Chaos as initial funding for new towns in New Territories approved by Legco panel
Pan-democrats, protesters cry foul but HK$340 million funding passes
Tony Cheung , Samuel Chan and Ada Lee
Lawmakers last night finally approved the government's request for preliminary funding for work on controversial new towns amid chaotic scenes and vows of legal action from pan-democrats, who said the vote was illegitimate.
Members of the Legislative Council's Finance Committee voted 29-2 to approve the funding request.
But most pan-democrats did not vote, instead berating chairman Ng Leung-sing, whom they accused of breaching the rules of procedure.
Watch: Hundreds of protesters gather outside Legco for new-towns project vote
Most of the protesters who gathered outside the Legco complex in Admiralty dispersed after the vote but vowed to continue to fight the plan. Scuffles broke out after a protester refused to leave when police wanted to reopen Tim Mei Avenue to traffic. Police said 1,500 people turned out. Organisers put the figure at 5,000.
The six-hour meeting saw Ng twice accused of breaching committee rules. First, he refused to consider a no-confidence motion in himself, submitted by Labour Party chairman Lee Cheuk-yan, proposing instead to have a special meeting on the motion next month. Then, as the meeting neared its conclusion, he told lawmakers they would have only one minute each to ask questions before the HK$340 million funding request went to a vote.
Pan-democrats complained that Ng had contravened Article 46 of the rules of procedure, which dictates that "the chairman shall ask members if they have any further questions before putting an item to the vote". They said his refusal to discuss Lee's motion also breached the rules of procedure.
Ng cited advice from Legco's legal adviser and said Article 46 only meant lawmakers would get to ask questions.
Pan-democrats got up to berate Ng, but he refused to change his mind. While they were still complaining, the vote went ahead, with only two pan-democrats - the Civic Party's Ronny Tong Ka-wah and Dennis Kwok, who remained seated - able to vote against the motion.
Ng and Development Bureau officials were escorted out by security guards.
After the meeting, Lee said: "Ng repeatedly breached the committee's procedural rules … and the vote result is illegitimate. The only choice we have is to seek a judicial review."

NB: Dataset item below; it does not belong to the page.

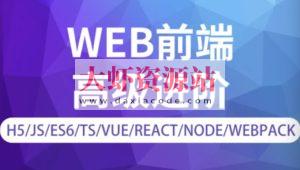 金渡教育web前端高级进阶vip班9期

The issue is highly charged. The government says the HK$120 billion new towns at Kwu Tung and Fanling North are vital to its homebuilding plans. But protesters say the plan will benefit big developers and involve mostly luxury flats, while villagers will see their homes and lifestyles lost for little compensation.
Protesters chanted angry slogans when they realised the vote had passed, and some even broke down in tears.
But protest leaders rejected the suggestion of radicals that they should try to storm Legco.
"Your enemies are not standing here on the stage," Cho Kai-kai, a member of one of the eight groups behind the protest, told demonstrators angry at that decision. "Your enemies are inside [government headquarters], land developers and the puppet regime headed by [Chief Executive] Leung Chun-ying."
Villager Lee Siu-wah said on stage that the next battlefield would be the Town Planning Board, and said 200,000 people would show up when the board came to discuss the plan. Cho said villagers would "stop the bulldozers with their bodies".
Some pan-democrats apologised for failing to prevent the vote. Dr Fernando Cheung Chiu-hung said they would fight on, while Albert Chan Wai-yip vowed to paralyse Central with a protest on July 2.
For the second week in a row, protesters were banned from the designated protest area outside Legco amid tight security.
A 17-year-old boy was arrested after he was found to have brought an awl as well as spray paint, a lighter and rubber hose with him.
Another protester, Billy Chiu Hin-chung, was arrested yesterday in connection with the June 13 attempt to storm Legco.
Watch: Undercover police officer discovered by protesters
A row broke out shortly before the voting when a protester demanded a man whom he claimed was a plain-clothes police officer show his credentials. The news caused an uproar in the crowd - there had been claims that undercover police infiltrated earlier protests and encouraged disorderly behaviour.
The protester said he saw the "officer" pushing rally goers from behind in an attempt to create conflict earlier in the afternoon.
The "officer" fled inside the adjacent Citic Tower, ahead of about 50 pursuing policemen, protesters, cameramen and reporters. He eventually left accompanied by police in uniform. He did not confirm whether he was a police officer.